AIM OF THE TASK:
Please give the listing again in full, leaving out its images.

PROVIDED MATERIAL:
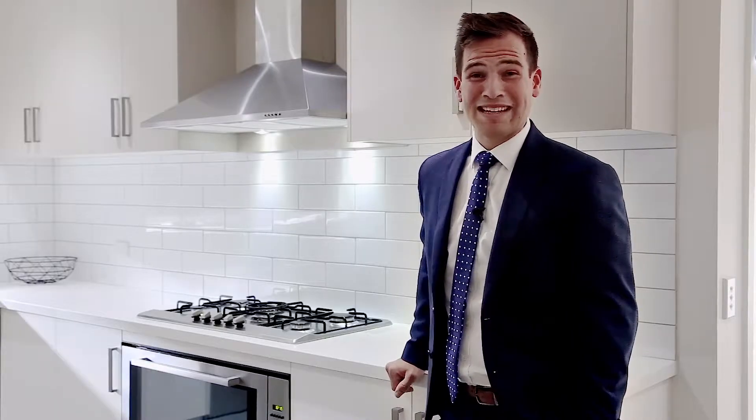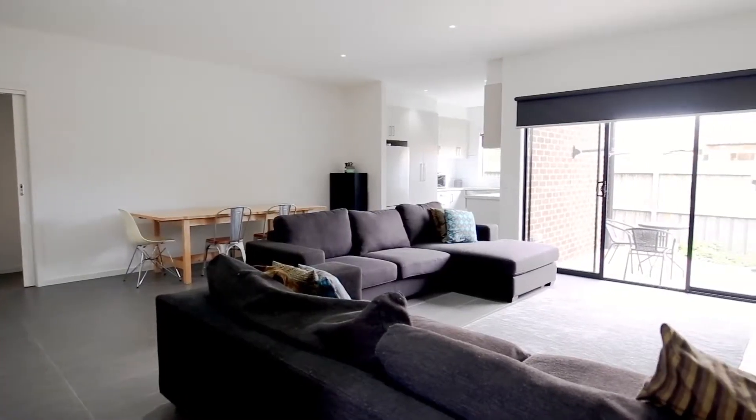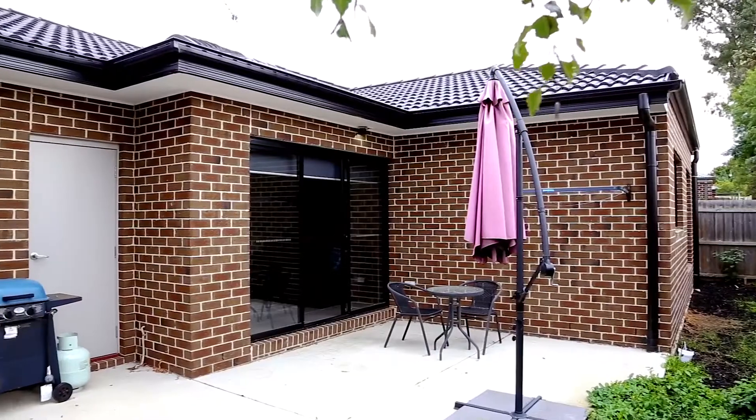What I love about this property is its sleek, modern fit-out. It's going to be perfect for down-sizers, first home buyers and investors alike.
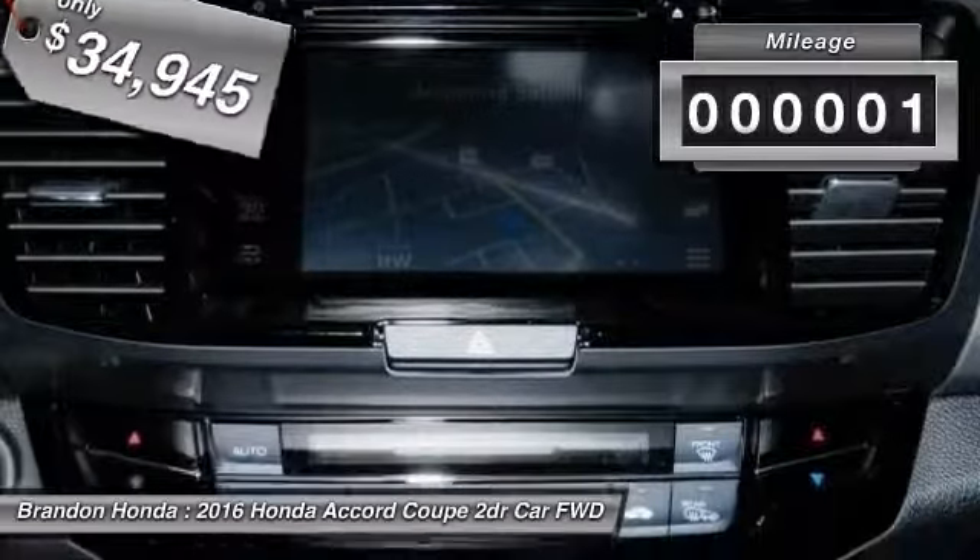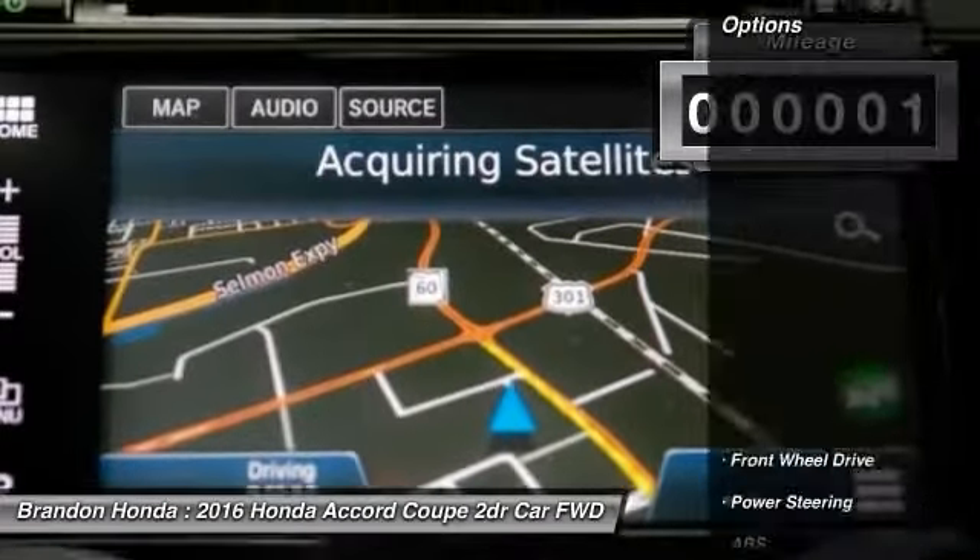This vehicle has less than 100 miles. Here are some of this vehicle's great options.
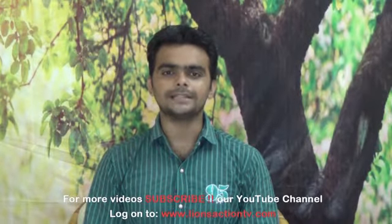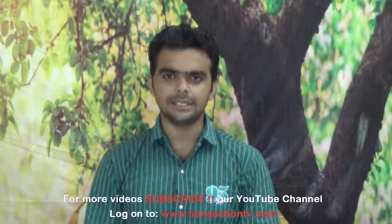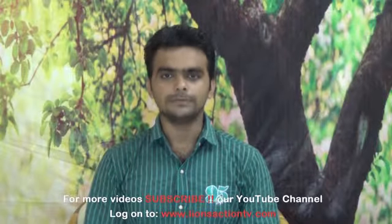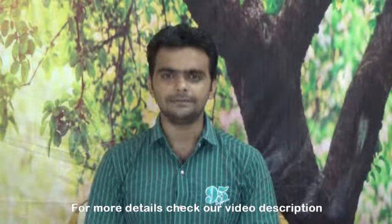For the next video, please do subscribe to our YouTube channel. You can also log in on our website: www.lionsactiontv.com. Thank you very much. Thank you all.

ANSWER SPACE:
What I love about this property is its sleek, modern fit-out. It's going to be perfect for down-sizers, first home buyers and investors alike.
This vehicle has less than 100 miles. Here are some of this vehicle's great options.
For the next video, please do subscribe to our YouTube channel. You can also log in on our website: www.lionsactiontv.com. Thank you very much. Thank you all.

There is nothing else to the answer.